Hot on the heels of the opening of Goldsmiths Centre for Contemporary Art in south east London, the South London Gallery’s new space, the Fire Station swings its large doors open to the public this weekend. Although a separate building, the former Victorian fire station is seen as an annexe to the gallery’s main space across the street. The building that once housed fire engines, the horses that pulled them, as well as firemen and their families, has been carefully revamped by 6a architects, keeping much of its intimate domestic scale but also providing a light filled triple-height entrance (look up as you enter to see an old first floor fireplace). The new space kicks off with a show on humour in art, Knock Knock (22 September–18 November) curated by the gallery director Margot Heller and the artist Ryan Gander. It includes works such as Joyce Pensato’s vast new drawing commission, Take Me to Your Leader (2018), and Judith Hopf’s Flock, of Sheep (2017), sheltering beneath the stairs of the new space.
One of the people responsible for changing the artistic tastes of the British public at the beginning of the 20th century was the businessman and collector Samuel Courtauld, who along with his wife Elizabeth built up one of the greatest collections of the period including masterpieces by Manet, Cézanne and Van Gogh. As well as the private collection, housed at the Courtauld Gallery—which has temporarily closed for a major revamp—the collector also financed acquisitions for the National Gallery through the Courtauld Fund. The two collections have now been brought together for the exhibition Courtauld Impressionists: From Manet to Cézanne (until 20 January 2019), which opened this week at the National Gallery. The show includes masterpieces such as Manet’s A Bar at the Folies-Bergère (1882) and Cézanne’s The Card Players (around 1892–96). Hear more about the show in our latest podcast, Courtauld’s Impressionists. Plus, Armenian treasures at the Met.

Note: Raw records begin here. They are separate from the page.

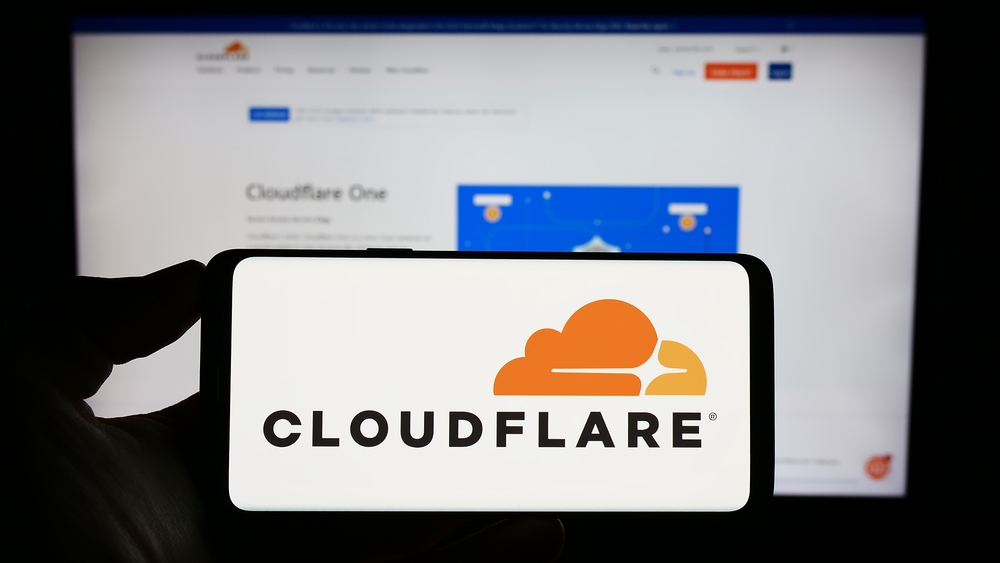 Cloudflare คือเทคฯ สำหรับ เพิ่มประสิทธิภาพ ความปลอดภัย และความพร้อมใช้งานของเว็บไซต์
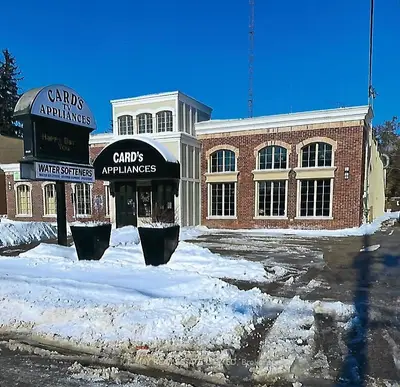 6392 Main Street E 6392 Main Street, Whitchurch-Stouffville, ON L4A 1G3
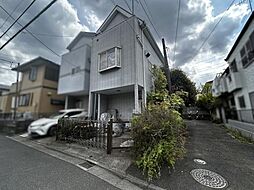 浦和区瀬ケ崎5丁目　条件なし売地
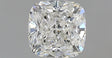 0.90 carat Cushion diamond G VVS1 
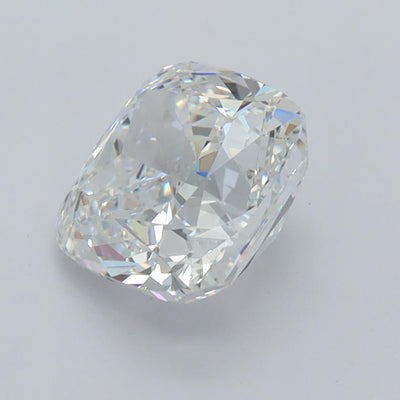 2.04 Carat Cushion Lab Diamond :: Greenstar spin frame 02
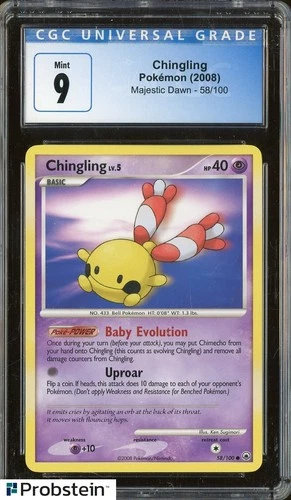 Chingling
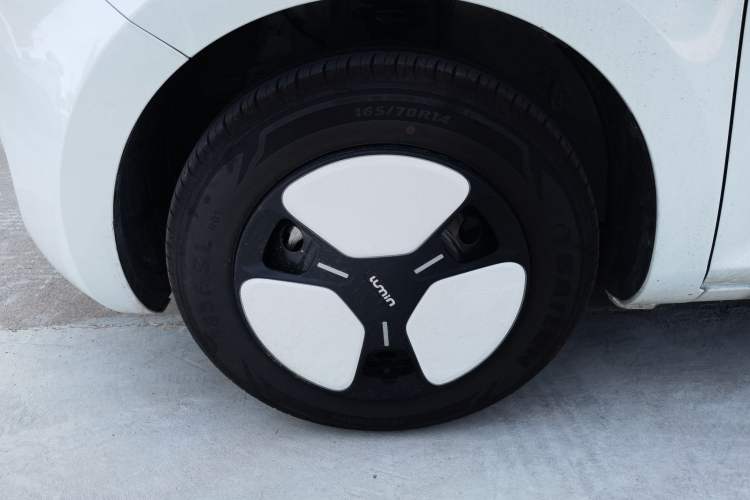 Used Changan Lumin 2024 130km Qingyue Version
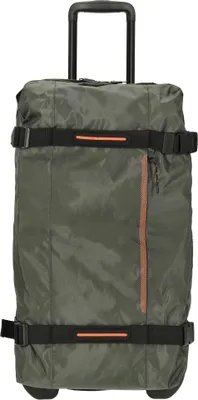 Produktbild von American Tourister URBAN TRACK Duffle/WH M Rollenreisetasche dark khaki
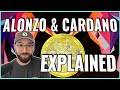 Blockchain Expert Hashoshi Explains How Alonzo Will Impact Cardano!!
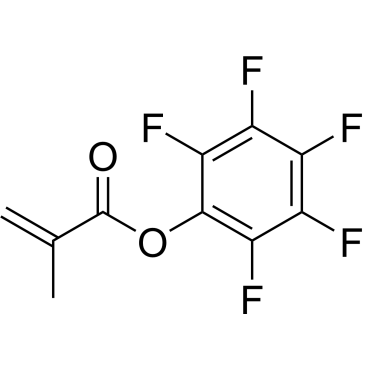 Pentafluorophenyl methacrylate|CS-0121520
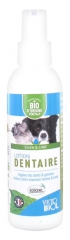 Vétobiol Lotion Dentaire 125 ml Vétobiol Lotion Dentaire 125 ml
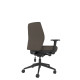 Solo Medium Back Large Seat Chair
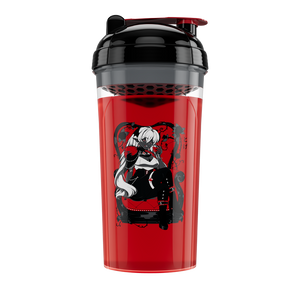 Waifu Cup: Blood Sucker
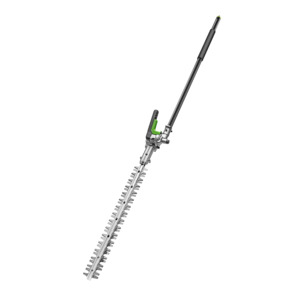 EGO EGO POWER+ 56V Multi-Tool 51cm Hedge Trimmer Attachment with Carbon Fibre Shaft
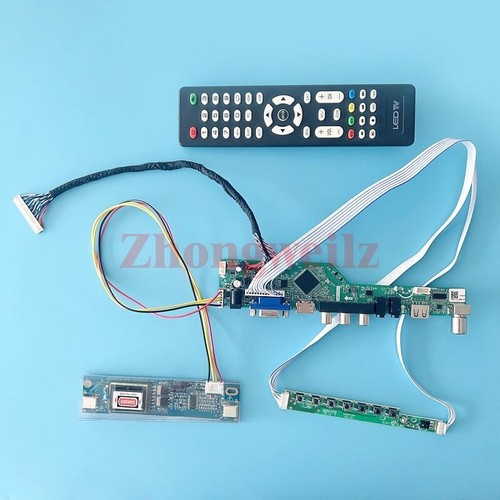 Per lq164m1la4a usb vga - per,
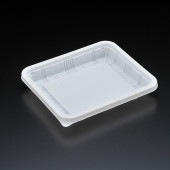 エスコン UL-82 W [入数:2,000]|パン包材・サンドイッチ包材|テイクアウト用品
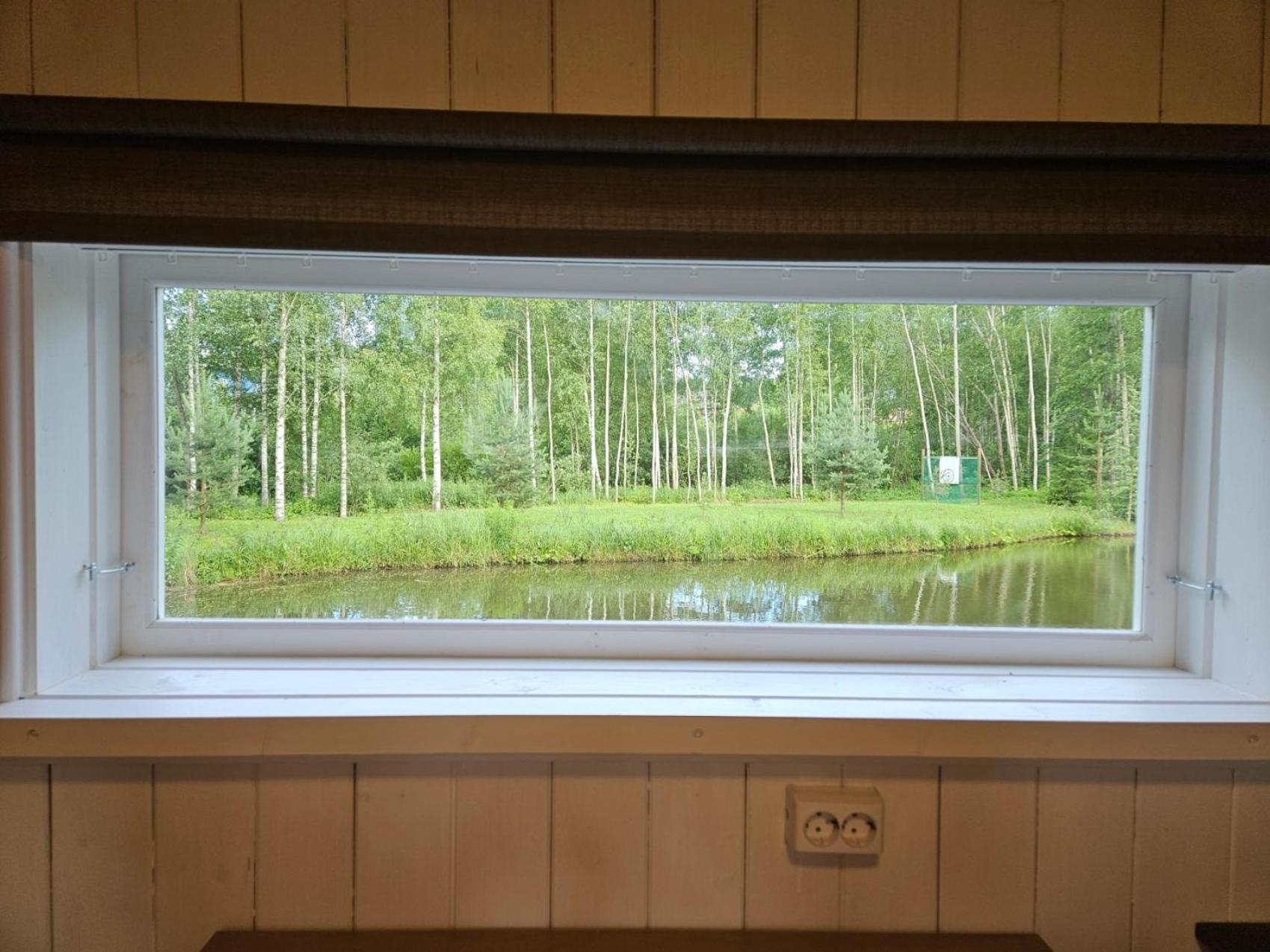 Purde Camp Cabin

It is your final chance to see Tate Britain’s Aftermath: Art in the Wake of World War One (until 23 September), which closes this weekend. The show, which has received rave reviews, marks 100 years since the end of the First World War and looks at how European artists responded during its aftermath. The exhibition includes 150 works made between 1916 and 1932, among them William Orpen’s A Grave in a Trench (1917), Hannah Höch’s Dada Rundschau (1919), George Grosz’s painting Grey Day (1921), Otto Dix’s Prostitute and Disabled War Veteran (1923). The exhibition also looks at the development of Dada and, later, Surrealism as artists turned to more absurd ways to deal with the traumatic experiences many had lived through.